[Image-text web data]
━━━━━━

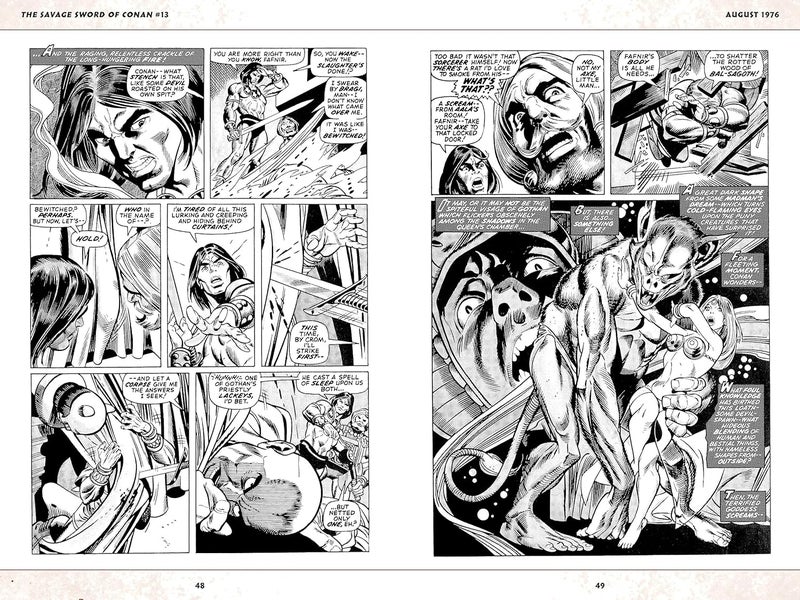 The Savage Sword of Conan: The Original Comics Omnibus Vol.2 - Image 4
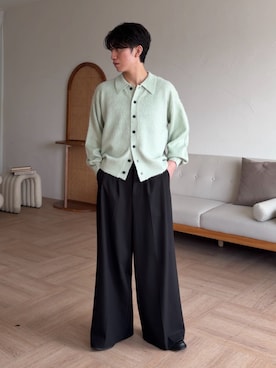 sakuさん(メンズ・164cm)の秋コーディネート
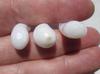 Three Drop Shaped Clam Pearls 44+ carats - Total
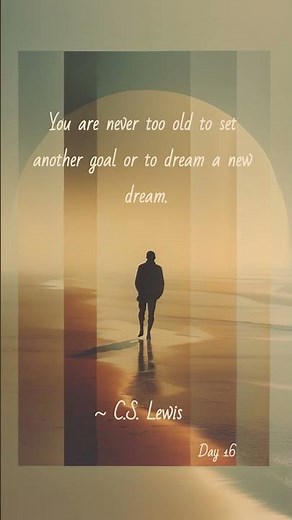 C.S. Lewis | Life quotes | English | Best Inspirational quote | Day 16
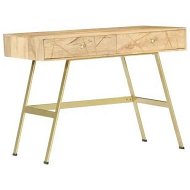 Detailed information about the product Writing Desk with Drawers 100x55x75 cm Solid Mango Wood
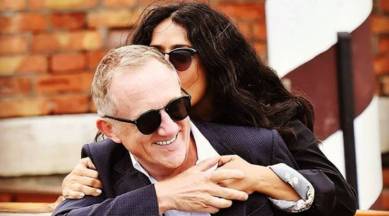 Salma Hayek reveals the secret to her successful marriage of 12 years |  Lifestyle News,The Indian Express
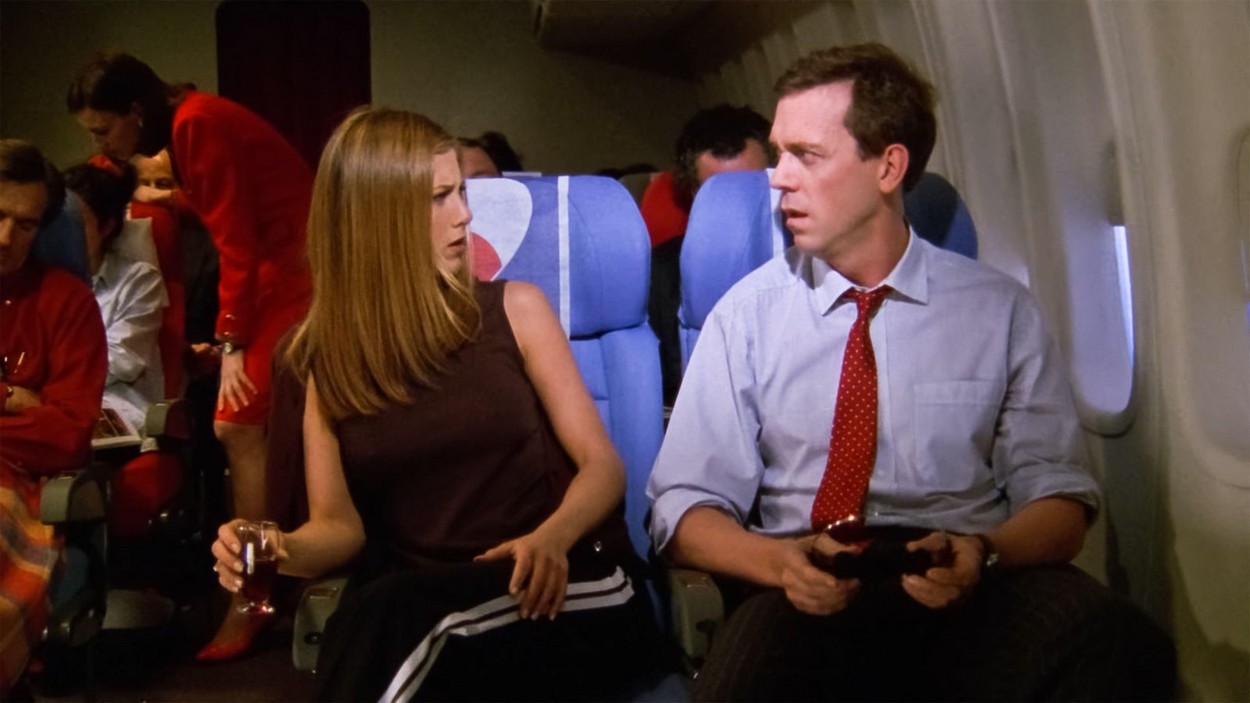 Jennifer Aniston, Hugh Laurie, Friends, serija, 4. sezona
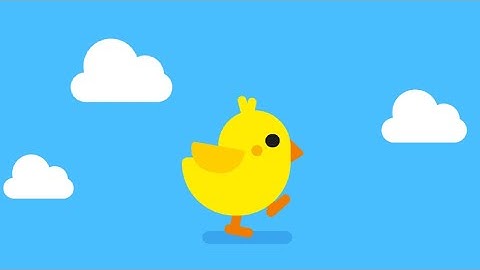How to create cute Duck | CSS Speed Art
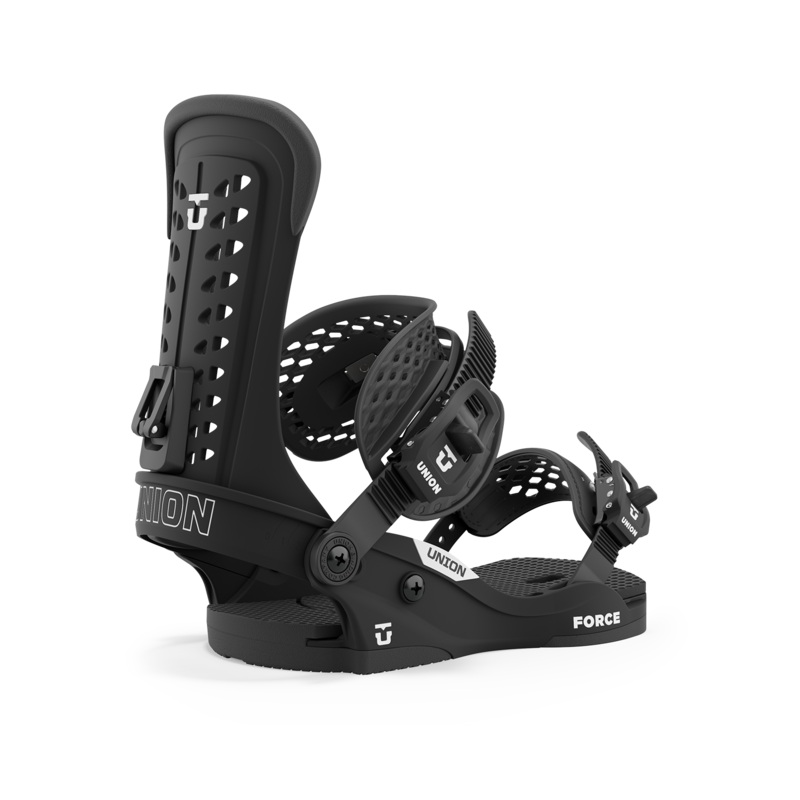 Union Force Classic Snowboard Binding in Black 2024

━━━━━━

Set down, word for word, the line that holds "C.S. Lewis |" and all lines after it to the end of the entries above, but not the pictures.

 C.S. Lewis | Life quotes | English | Best Inspirational quote | Day 16
 Detailed information about the product Writing Desk with Drawers 100x55x75 cm Solid Mango Wood
 Salma Hayek reveals the secret to her successful marriage of 12 years |  Lifestyle News,The Indian Express
 Jennifer Aniston, Hugh Laurie, Friends, serija, 4. sezona
How to create cute Duck | CSS Speed Art
 Union Force Classic Snowboard Binding in Black 2024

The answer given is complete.